Re: [htdig3-dev] Regex


Torsten Neuer (tneuer@inwise.de)
Wed, 5 May 1999 09:43:05 +0200


According to Peter D. Gray:
>On Tue, May 04, 1999 at 09:37:15PM -0400, Geoff Hutchison wrote:
>>
>> On Wed, 5 May 1999, Peter D. Gray wrote:
>>
>> > This should (assuming I understand what you want)
>> >
>> > limit_urls_to: .*\.htdig\.org/.*\.html
>>
>> Beautiful! I'm a fool.
>>
>> But what are we going to do about the typical config file:
>>
>> start_url: http://www.htdig.org/
>> limit_urls_to: ${start_url}
>>
>
>I think you will need an option on htdig
>to enable the regular expression stuff or a build option
>with appropriate warnings to installers that they
>will need to update their config files if they
>enable the regex code.
>

Not necessarily.

Since start_url cannot contain a regexp, making it one on-the-fly
should do the job.
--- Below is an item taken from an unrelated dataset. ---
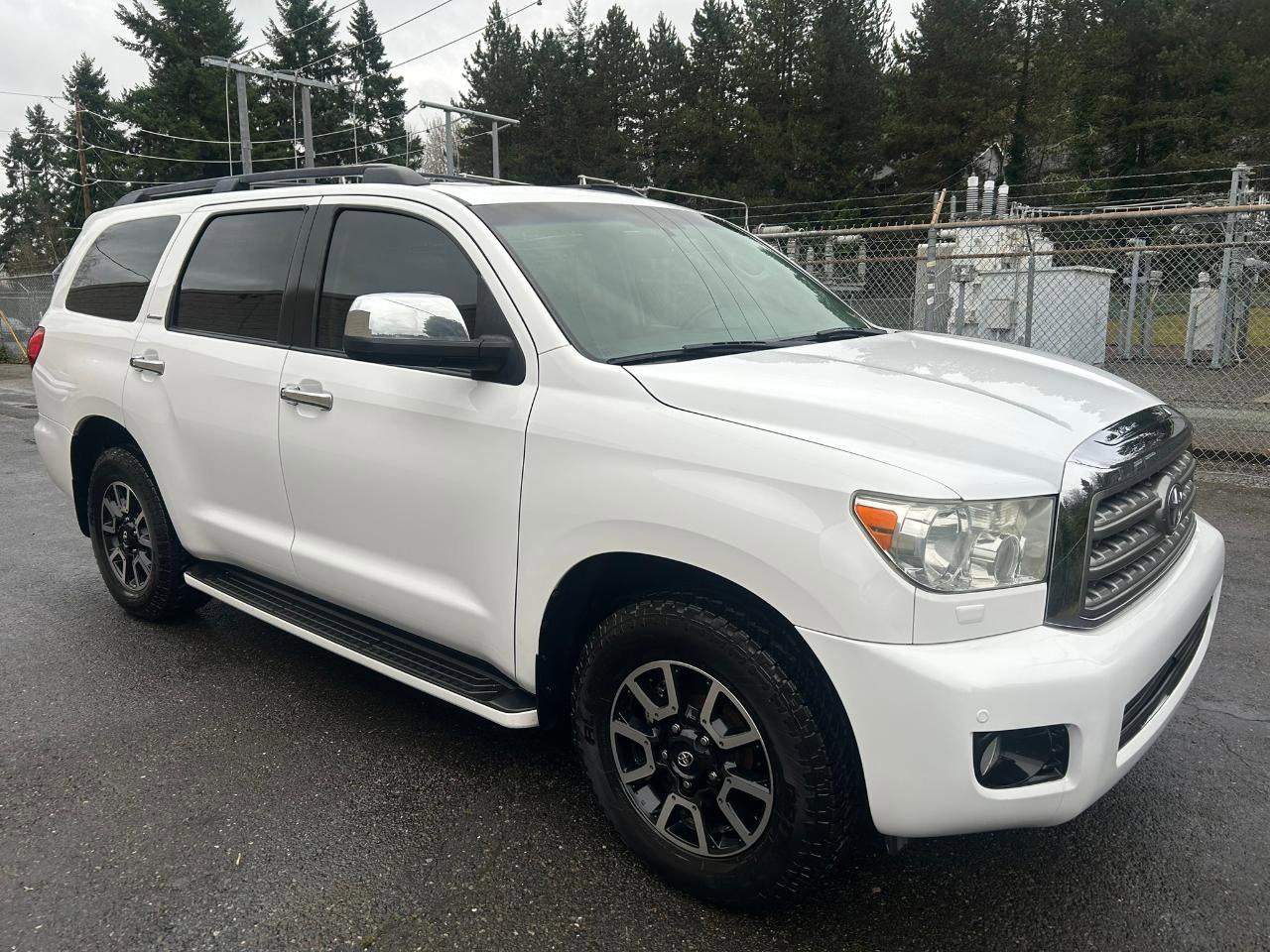 Used 2013 Toyota Sequoia Limited image 3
And since this would be a trivial regexp (i.e.
without any real regexp) this should be fairly easy, too.. just
something like "/\./s//\./g" on a sed(1) command line.
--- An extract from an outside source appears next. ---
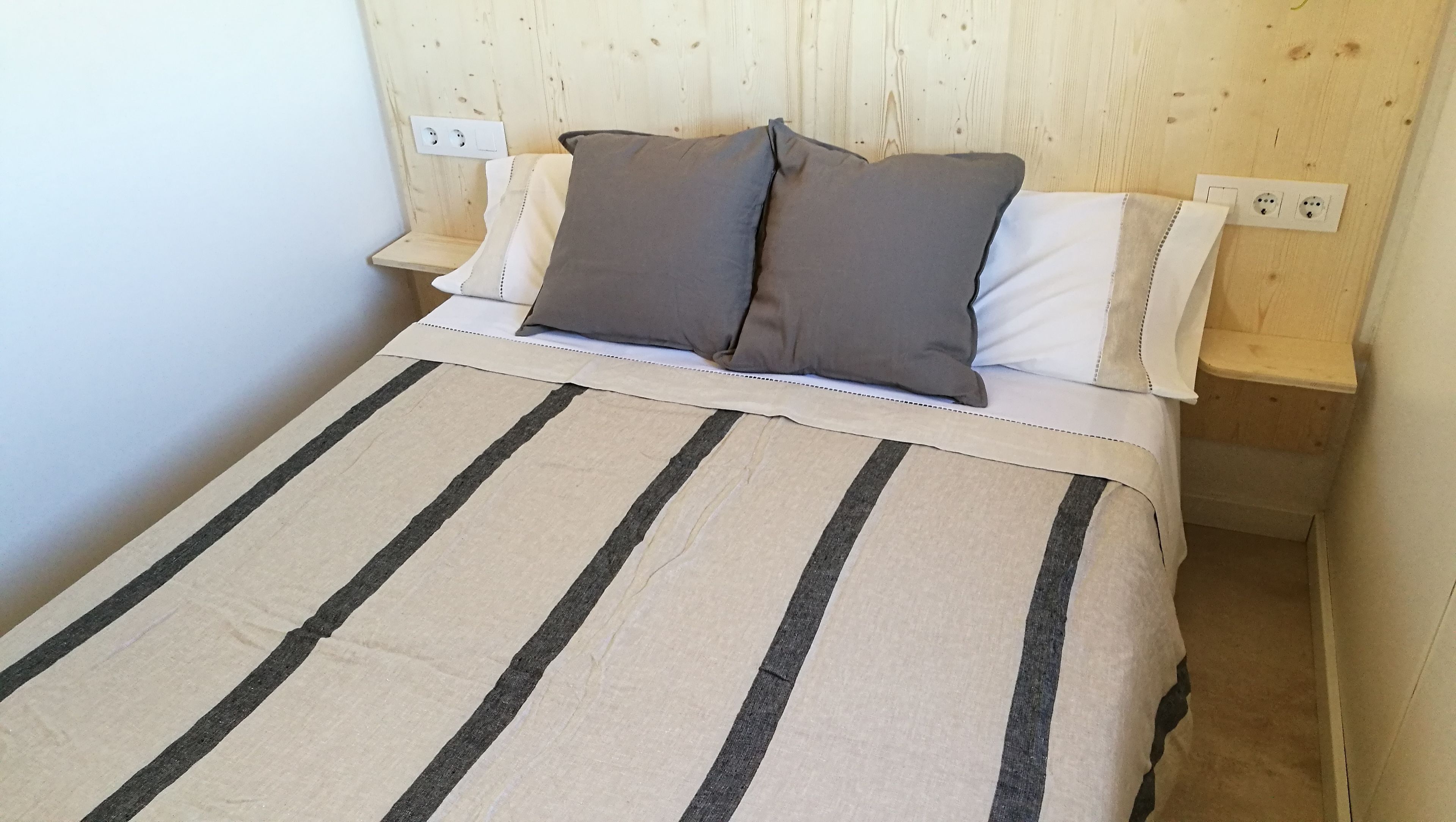 Mobile Home Plus 2 AC | Cortinas blackout, wifi y ropa de cama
That way you could mix up start_url and regexp in limit_urls_to
without bigger changes.

Another possibility would be to add a type to those configuration
variables, either automatically or maybe forced by directive syntax.
The configuration file however, should stay backward compatible to
avoid trouble with users.

We could do so simply by putting regexp in double quotes.. anything
else will be handled as usual, e.g.

start_url: http://www.foo.com/
limit_urls_to: ${start_url} \ # as in start_url
                "\.*.html" \ # regexp match
                /bar/ # again, a normal match

Internally, each entry gets a "type descriptor" that dispatches the
value to the correct handler, i.e. a virtual method.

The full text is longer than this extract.